REQUIRED WORK: From the line containing "2016 Porsche Macan" down to the last line of the material, output each line exactly as it appears, excluding pictures.

DATA SUPPLIED:
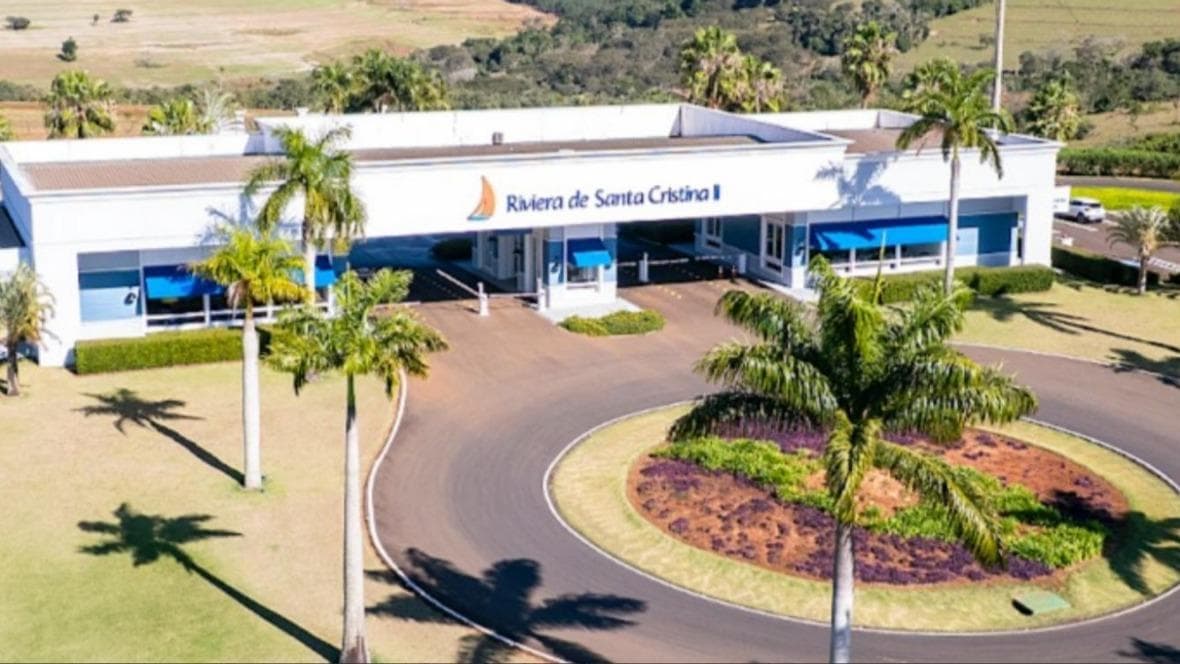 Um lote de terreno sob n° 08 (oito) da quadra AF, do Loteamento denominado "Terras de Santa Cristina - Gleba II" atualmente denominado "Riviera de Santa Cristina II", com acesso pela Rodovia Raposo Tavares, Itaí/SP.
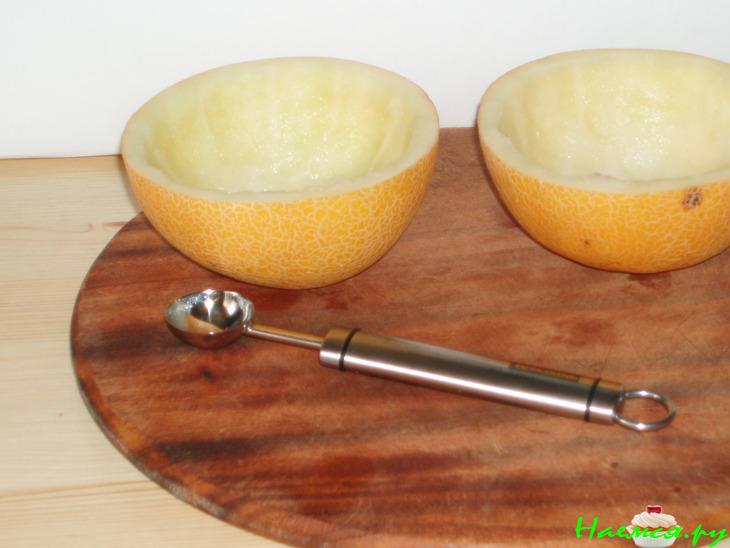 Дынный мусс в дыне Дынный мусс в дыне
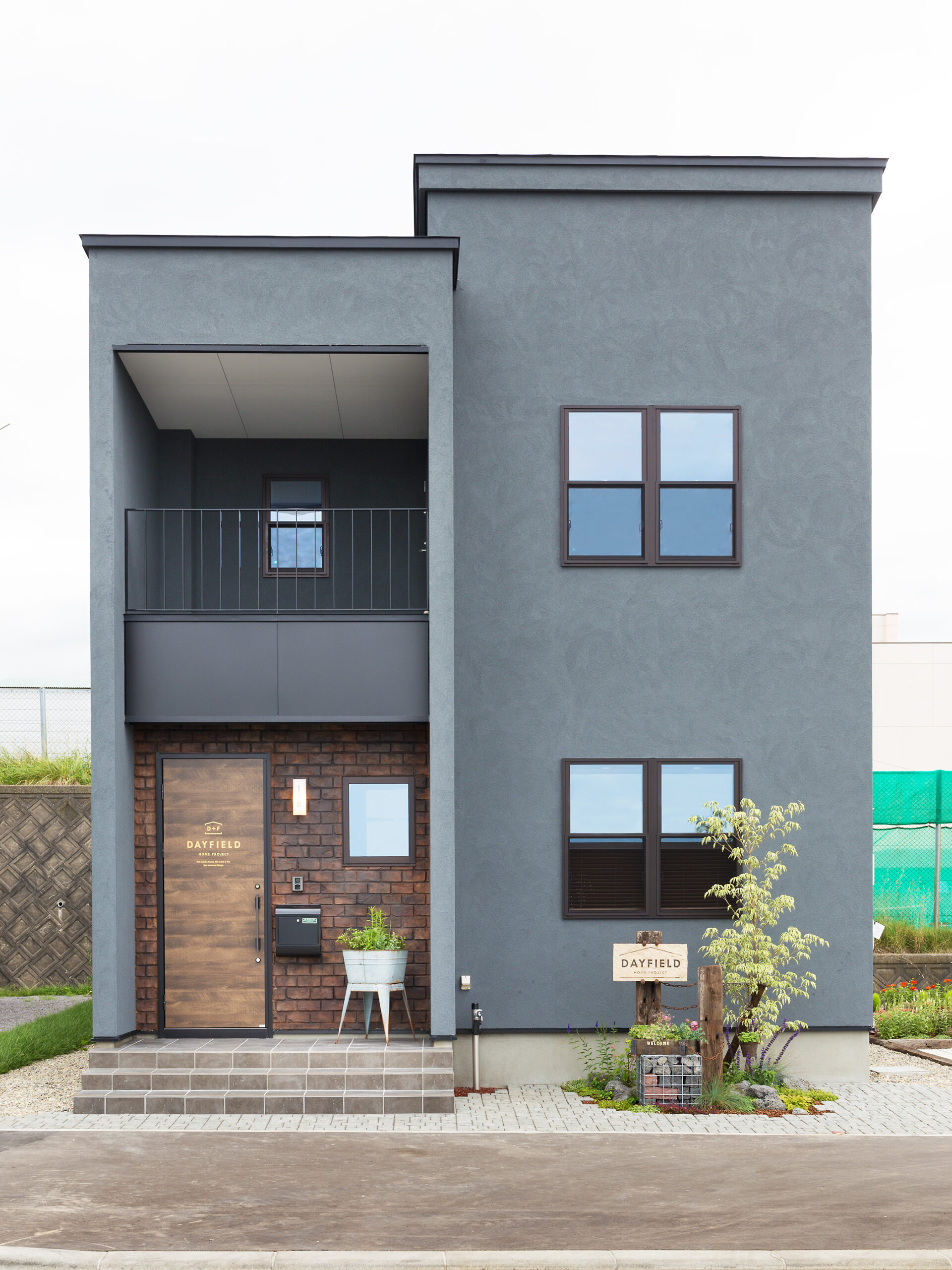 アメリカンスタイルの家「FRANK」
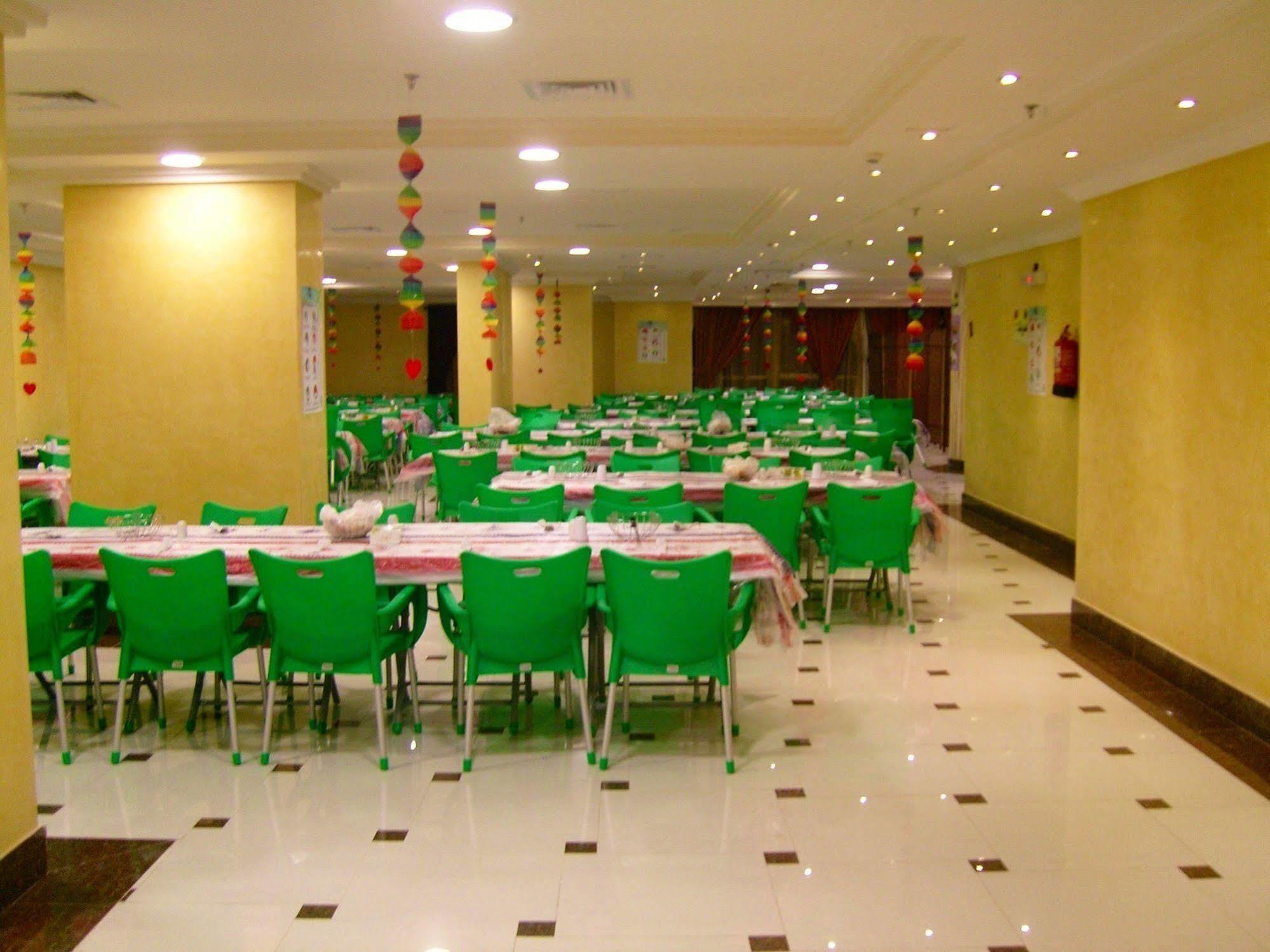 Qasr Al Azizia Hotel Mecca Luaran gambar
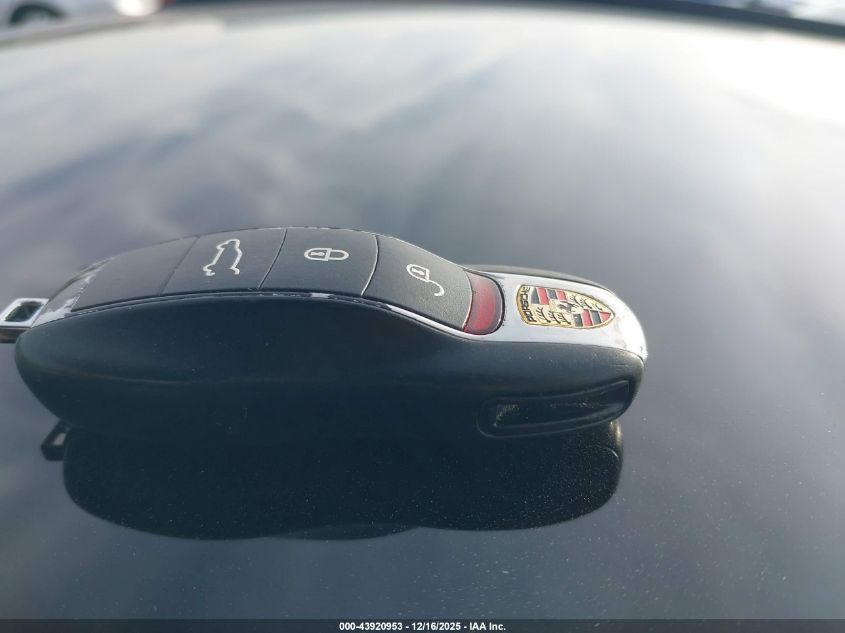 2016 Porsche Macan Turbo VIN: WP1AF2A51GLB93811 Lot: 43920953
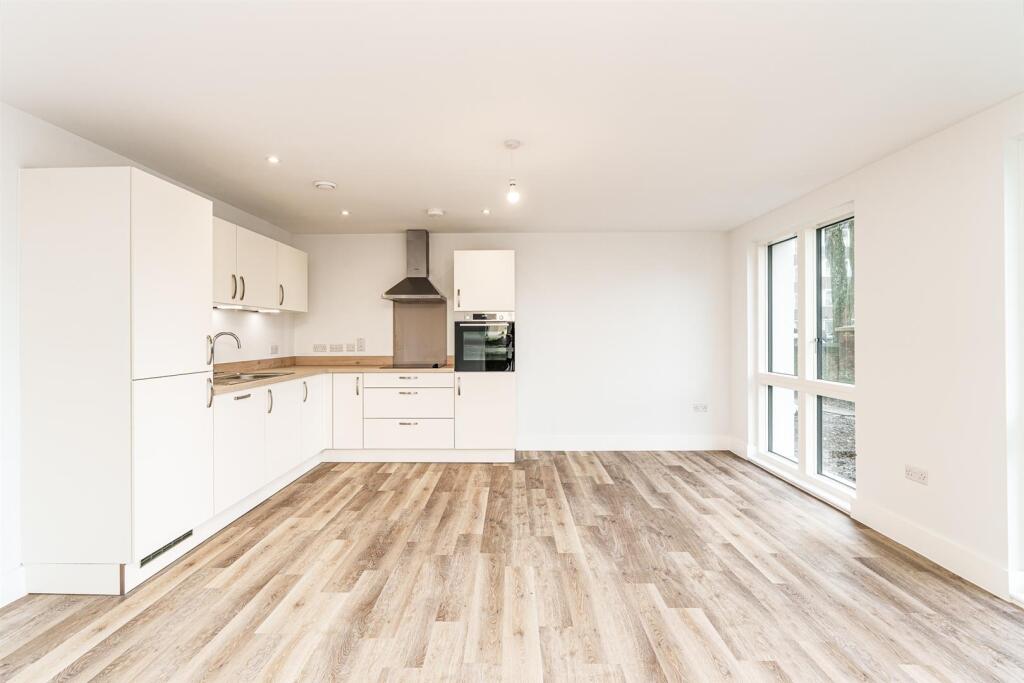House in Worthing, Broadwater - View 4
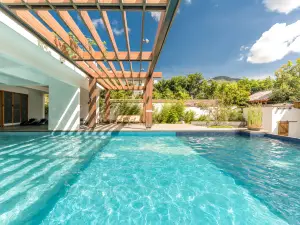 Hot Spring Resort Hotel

SOLVED EXERCISE:
 2016 Porsche Macan Turbo VIN: WP1AF2A51GLB93811 Lot: 43920953
House in Worthing, Broadwater - View 4
 Hot Spring Resort Hotel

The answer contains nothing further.